A Massively Parallel FPGA-Based Coprocessor for Support Vector Machines

  • Authors:
  • Srihari Cadambi;Igor Durdanovic;Venkata Jakkula;Murugan Sankaradass;Eric Cosatto;Srimat Chakradhar;Hans Peter Graf

  • Affiliations:
  • -;-;-;-;-;-;-

  • Venue:
  • FCCM '09 Proceedings of the 2009 17th IEEE Symposium on Field Programmable Custom Computing Machines
  • Year:
  • 2009

Quantified Score

Hi-index 0.00

Visualization

Abstract

We present a massively parallel FPGA-based coprocessor for Support Vector Machines (SVMs), a machine learning algorithm whose applications include recognition tasks such as learning scenes, situations and concepts, and reasoning tasks such as analyzing the recognized scenes and semantics. The coprocessor architecture, targeted at both SVM training and classification, is based on clusters of vector processing elements (VPEs) operating in single-instruction multiple data (SIMD) mode to take advantage of large amounts of data parallelism in the application. We use the FPGA’s DSP elements as parallel multiply-accumulators (MACs), a core computation in SVMs. A key feature of the architecture is that it is customized to low precision arithmetic which permits one DSP unit to perform two or more MACs in parallel. Low precision also reduces the required number of parallel off-chip memory accesses by packing multiple data words on the FPGA-memory bus. We have built a prototype using an off-the-shelf PCI-based FPGA card with a Xilinx Virtex 5 FPGA and 1GB DDR2 memory.

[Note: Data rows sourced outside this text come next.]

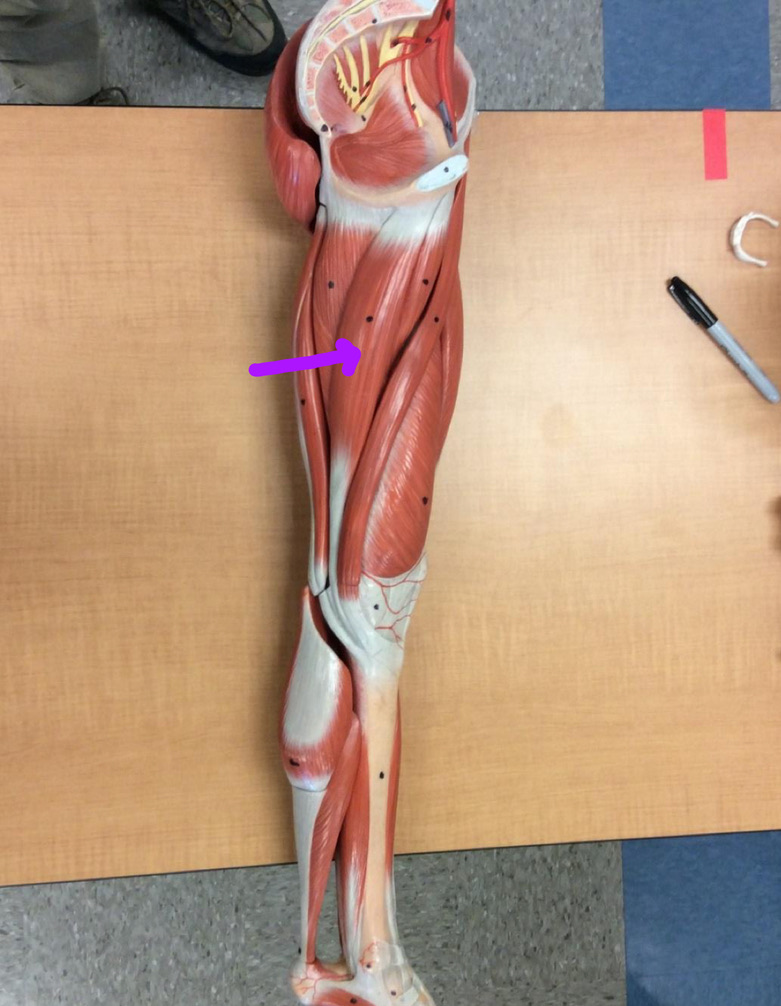 <p>Identify this muscle?</p>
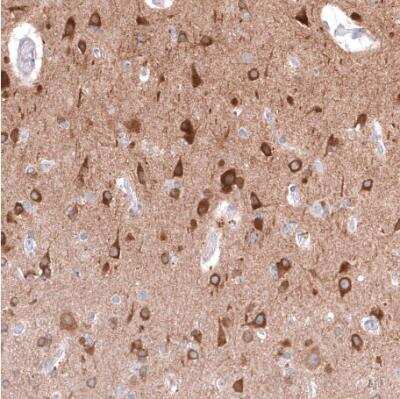 Immunohistochemistry-Paraffin: TTYH3 Antibody [NBP2-30621] - Staining of human cerebral cortex shows moderate cytoplasmic positivity in neurons.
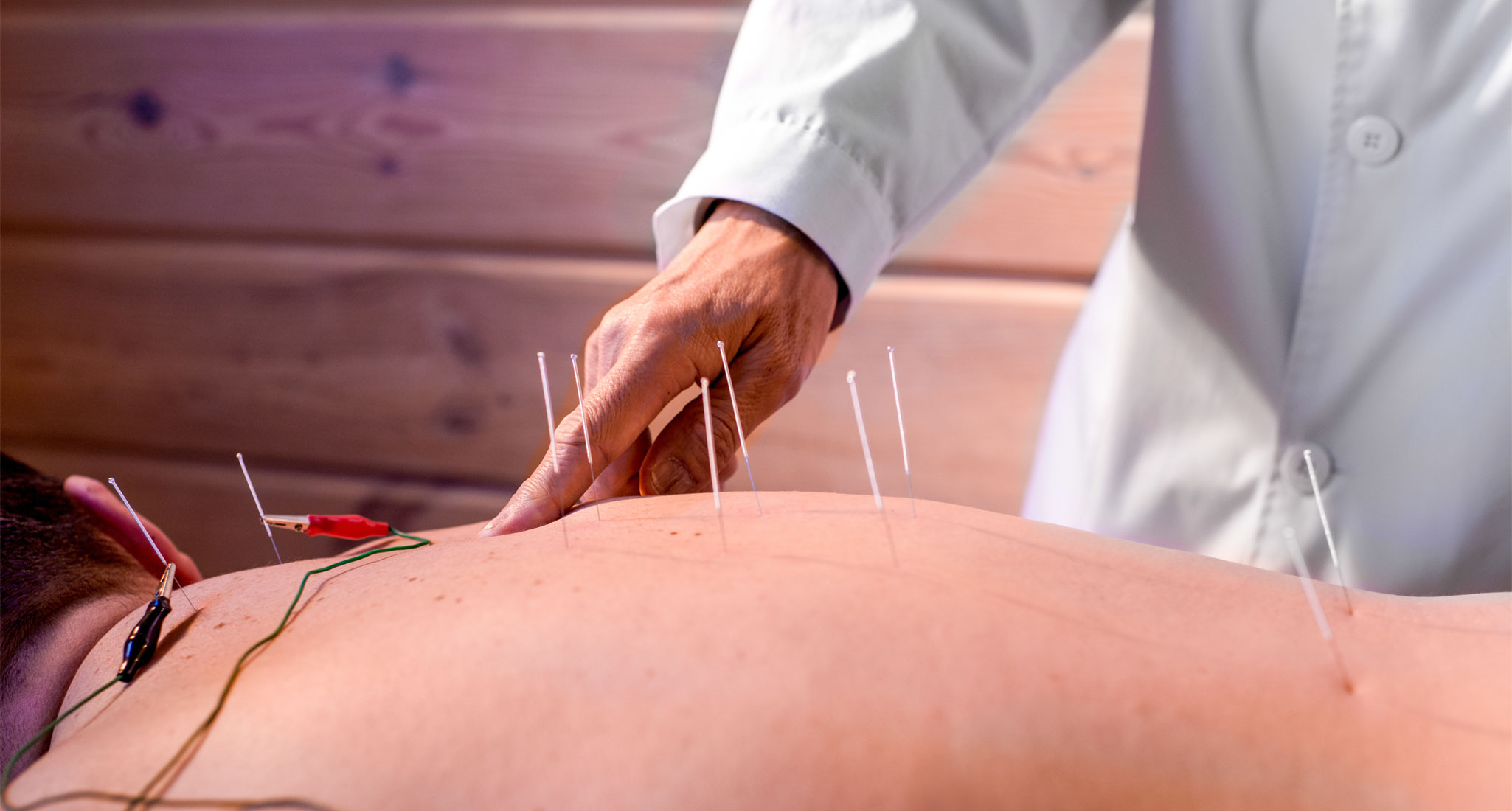 Looking KOSA Acupuncture for Back pain Gaithersburg MD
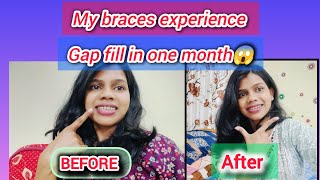 braces vlog🦷 getting braces bracestretment bracesjourney motivation hansikavlog2900 [upl. by Yleme]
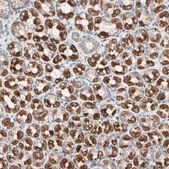 Anti-HK1 antibody produced in rabbit Prestige Antibodies&#174; Powered by Atlas Antibodies, affinity isolated antibody, buffered aqueous glycerol solution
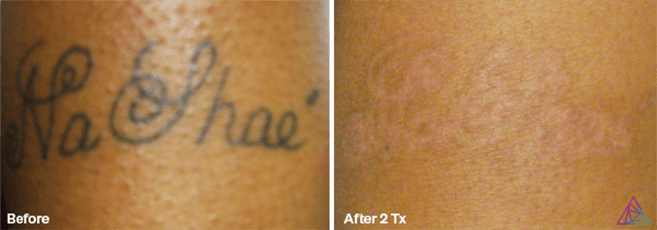 Image for Ink Doubt - Laser Tattoo Removal with ID of: 3715817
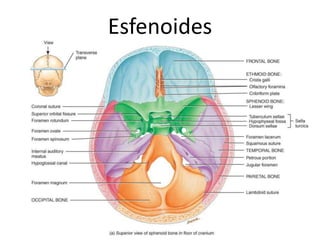 Esfenoides
 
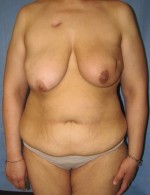 Breast Reconstruction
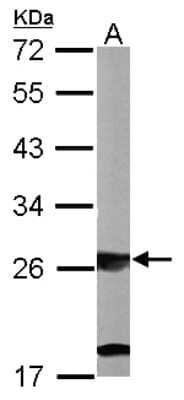 Western Blot: Ribosome maturation protein SBDS Antibody [NBP1-32724]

For SVM training, we observe application-level end-to-end computation speeds of over 9 billion multiply-accumulates per second (GMACs). For SVM classification, using data packing, the application speed increases to 14 GMACs. The FPGA-based system is about 20x faster than a dual Opteron 2.2 GHz processor CPU, and dissipates around 10W of power.